The R-34 slowly arose from the hands of the landing party and was completely swallowed up in the low-lying clouds at a height of 100 feet. When flying at night, possibly on account of the darkness, there is always a feeling of loneliness immediately after leaving the ground. The loneliness on this occasion was accentuated by the faint cheers of the landing party coming upward through the mist long after all signs of the earth had disappeared.

The airship rose rapidly 1,500 feet, at which height she emerged from the low-lying clouds and headed straight up the Firth of Forth toward Edinburgh.

A few minutes after 2 o’clock the lights of Rosyth showed up through a break in the clouds, thus proving brilliantly that the correct allowance had been made for the force and direction of the wind, which was twenty miles per hour from the east.

It should be borne in mind that when an airship gets out on a long-distance voyage carrying her maximum allowance of petrol, she can only rise to a limited height at the outset without throwing some of it overboard as ballast, and that as the airship proceeds on her voyage she can, if so desired, gradually increase her height as the petrol is consumed by the engine.

An airship of this type, when most of her petrol is consumed, can rise to a height of about 14,000 feet.

15.8 Tons of Petrol at Start

For this reason the next few hours were about the most anxious periods during the flight for Major Scott, the captain of the ship, who, owing to the large amount of petrol carried (4,900 gallons, weighing 15.8 tons), had to keep the ship as low as possible and at the same time pass over northern Scotland, where the hills rise to a height of over 3,000 feet.

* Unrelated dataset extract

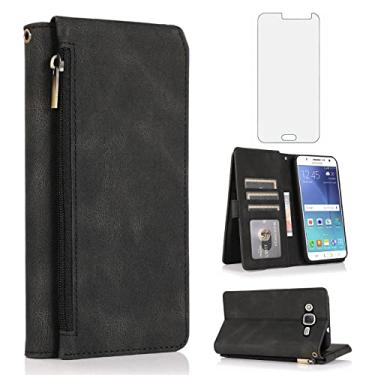 Imagem de Compatível com Samsung Galaxy J7 2015/J7 Neo/J7 Nxt/J7 Core/7J Duos Capa carteira protetora de tela e zíper retrô de couro com suporte para cartão SM J700 J700P J700T J00T1 J700M preto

Owing to the stormy nature of the morning the air at 1,500 feet—the height at which the airship was travelling—was most disturbed and bumpy, due to the wind being broken up by the mountains to the north, causing violent wind-currents and air-pockets.

The most disturbed conditions were met in the mouth of the Clyde, south of Loch Lomond, which, surrounded by high mountains, looked particularly beautiful in the gray dawn light.

The islands at the mouth of the Firth of Clyde were quietly passed. The north coast of Ireland appeared for a time, and shortly afterward faded away as we headed out into the Atlantic.